# What a pain....



## Eric Muehlbauer (Jan 20, 2008)

My son got me up this morning to tell me that my 30 gal reef tank was leaking...got downstairs to find that about 5 gal of salt water had soaked into the floor....what a pain. That was todays activity...filling buckets with salt water and trying to keep these things alive until I could buy a new tank and set the whole thing up again. And my floor will be wet (and salty) for awhile. So far it seems that there are no losses...except for a relaxing Sunday....Take care, Eric


----------



## goldenrose (Jan 20, 2008)

Hope it's all taken care of! The bright side - thank goodness it wasn't a 90 gal. tank!


----------



## paphioboy (Jan 21, 2008)

Eric, i think if you remove the fish temporarily, you may be able to repair the leak with silicone... hope it helps...


----------



## likespaphs (Jan 21, 2008)

bummer, bub. think it'll help raise the humidity around the orchids? or isn't that a problem for you?


----------



## Eric Muehlbauer (Jan 21, 2008)

Actually I have my reef tanks in my "cool" room, and they do help maintain the humidity. This tank was beyond re-caulking. A reef tank gets covered in coralline algae...a hard, crusty, calcareous algae that is bright pink- purple. While I scrape it off the front glass before it gets heavy, all other surfaces get covered in hard pinkish-purple crust...plus, at $46, a new tank is worth the hassles of that stinky vinegar smelling caulk...and If I caulked it, my fish would stay in buckets for at least 24 hours. Everything is fine now, except that since its in my cool room, the water temp hasn't reached the 80 deg it needs, but is stuck in the low to mid 70's. Fish are fine, as are most of the corals, but my new bubble coral is all shriveled and may not make it........Take care, Eric


----------



## biothanasis (Jan 22, 2008)

Try not to rise the heat very quickly...


----------



## fundulopanchax (Jan 22, 2008)

Eric, you have my empathy and sympathy - been there and done that - several times!

Ron Burch


----------



## dave b (Jan 23, 2008)

Sorry to hear that one. 

I had a Fluval Canister filter come open under a 75 gallon a few years ago. One of the hinges broke, and it popped open under the pressure.
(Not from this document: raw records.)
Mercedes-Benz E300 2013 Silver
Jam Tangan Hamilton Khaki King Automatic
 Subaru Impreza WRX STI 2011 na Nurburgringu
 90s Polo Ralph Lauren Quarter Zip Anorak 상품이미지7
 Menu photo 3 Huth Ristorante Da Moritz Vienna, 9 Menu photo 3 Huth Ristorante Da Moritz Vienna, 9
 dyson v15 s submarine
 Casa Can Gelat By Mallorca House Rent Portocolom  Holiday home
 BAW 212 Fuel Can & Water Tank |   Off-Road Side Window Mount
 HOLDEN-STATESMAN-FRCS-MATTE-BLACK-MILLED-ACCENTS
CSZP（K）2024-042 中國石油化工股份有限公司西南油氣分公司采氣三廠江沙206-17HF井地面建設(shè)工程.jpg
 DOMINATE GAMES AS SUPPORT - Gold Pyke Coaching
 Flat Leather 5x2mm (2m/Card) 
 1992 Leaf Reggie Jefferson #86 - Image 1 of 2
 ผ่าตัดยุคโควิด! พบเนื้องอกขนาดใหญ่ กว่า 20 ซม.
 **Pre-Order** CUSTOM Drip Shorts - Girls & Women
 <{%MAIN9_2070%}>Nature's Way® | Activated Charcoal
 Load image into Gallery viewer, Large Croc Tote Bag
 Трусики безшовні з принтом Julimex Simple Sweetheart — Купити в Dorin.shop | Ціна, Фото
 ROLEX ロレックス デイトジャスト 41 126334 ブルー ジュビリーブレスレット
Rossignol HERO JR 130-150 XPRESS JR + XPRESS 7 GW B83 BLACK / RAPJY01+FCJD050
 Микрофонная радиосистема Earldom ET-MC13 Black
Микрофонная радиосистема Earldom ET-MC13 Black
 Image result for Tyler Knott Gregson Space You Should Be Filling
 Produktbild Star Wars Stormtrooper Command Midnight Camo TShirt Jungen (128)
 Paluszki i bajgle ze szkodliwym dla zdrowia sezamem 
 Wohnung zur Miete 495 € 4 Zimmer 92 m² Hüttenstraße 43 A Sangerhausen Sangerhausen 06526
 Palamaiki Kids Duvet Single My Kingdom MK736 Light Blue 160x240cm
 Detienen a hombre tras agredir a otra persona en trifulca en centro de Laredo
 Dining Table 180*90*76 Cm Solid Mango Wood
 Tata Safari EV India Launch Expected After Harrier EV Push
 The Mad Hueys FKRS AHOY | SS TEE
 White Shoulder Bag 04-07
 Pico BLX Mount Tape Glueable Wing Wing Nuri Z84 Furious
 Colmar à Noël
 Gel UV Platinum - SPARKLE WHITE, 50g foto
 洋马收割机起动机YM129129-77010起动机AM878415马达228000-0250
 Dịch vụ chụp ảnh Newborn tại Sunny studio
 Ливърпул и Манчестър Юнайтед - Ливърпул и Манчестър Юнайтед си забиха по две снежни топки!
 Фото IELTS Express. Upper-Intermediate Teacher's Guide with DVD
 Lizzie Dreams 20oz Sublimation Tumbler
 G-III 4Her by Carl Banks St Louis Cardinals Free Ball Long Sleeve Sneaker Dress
I'll never forget it. I woke to a strange, sucking / gurgling sound from the living room. It was dark and i still half asleep, walked out to see what it was. As i approached the tank, i could make out a water line about 3/4 down from normal. My brain was trying to register what exactly that meant, when my feet suddenly sloshed in the wet carpet. It all became real clear, real fast.


----------



## Ernie (Jan 24, 2008)

Eric,

Been there too. Good luck! 

-Ernie


----------



## practicallyostensible (Jan 24, 2008)

dave b said:


> Sorry to hear that one.
> 
> I had a Fluval Canister filter come open under a 75 gallon a few years ago. One of the hinges broke, and it popped open under the pressure.
> 
> I'll never forget it. I woke to a strange, sucking / gurgling sound from the living room. It was dark and i still half asleep, walked out to see what it was. As i approached the tank, i could make out a water line about 3/4 down from normal. My brain was trying to register what exactly that meant, when my feet suddenly sloshed in the wet carpet. It all became real clear, real fast.



Had the same problem with Fluval. I've purchased only Eheim canister filters sincem, and haven't had any issues (knock on wood).


----------